• **DATA PROVIDED**:
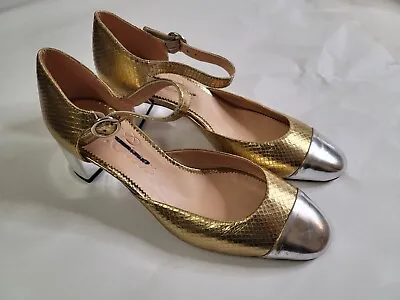 J Crew Millie Ankle-strap Heels In Snake-embossed Italian Leather  Gold Size 8 • $36
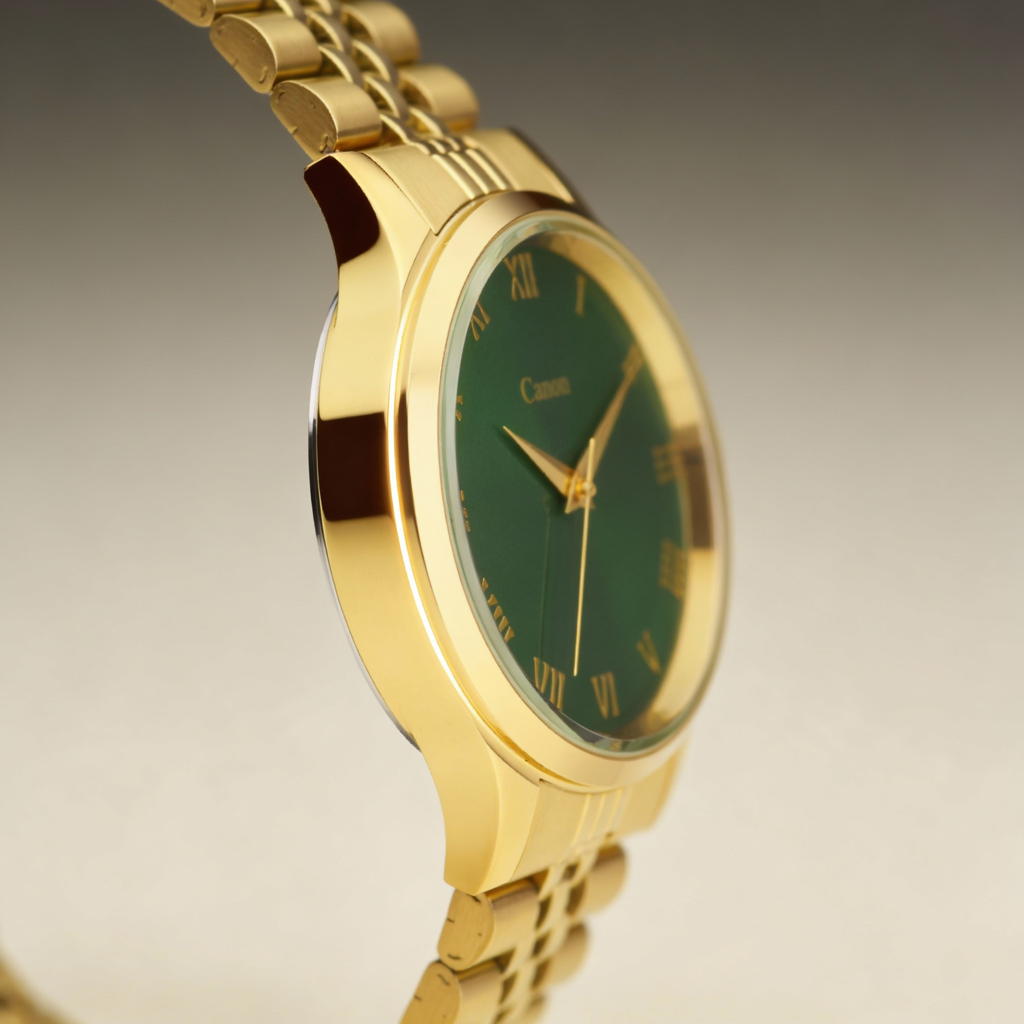 Luxury Golden & Green Couple Watch With Roman Numerals Cn-485 : CN-485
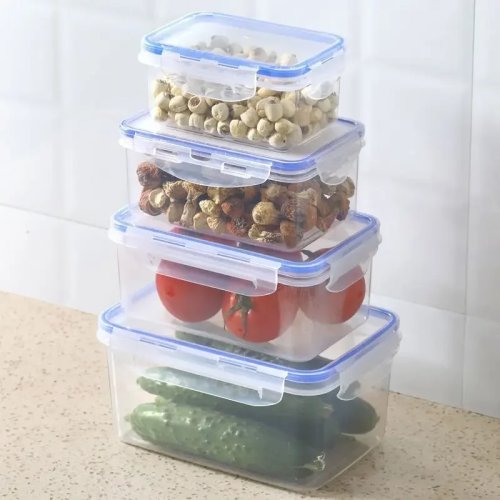 Rechthoekige opbergdoos voor voedsel met deksel, luchtdicht, plastic, geschikt voor magnetron, koelkast en lunchbox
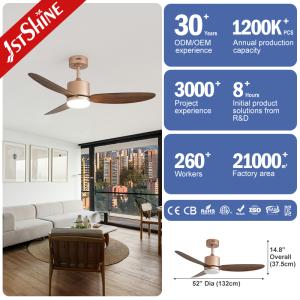 52-Inch Decorative Ceiling Fan with Light Rose Gold Finish for Luxurious Spaces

• **PROBLEM DESCRIPTION**: All of the data must be given again exactly, without the pictures.

• **YOUR SOLUTION**:
 J Crew Millie Ankle-strap Heels In Snake-embossed Italian Leather  Gold Size 8 • $36
 Luxury Golden & Green Couple Watch With Roman Numerals Cn-485 : CN-485
 Rechthoekige opbergdoos voor voedsel met deksel, luchtdicht, plastic, geschikt voor magnetron, koelkast en lunchbox
 52-Inch Decorative Ceiling Fan with Light Rose Gold Finish for Luxurious Spaces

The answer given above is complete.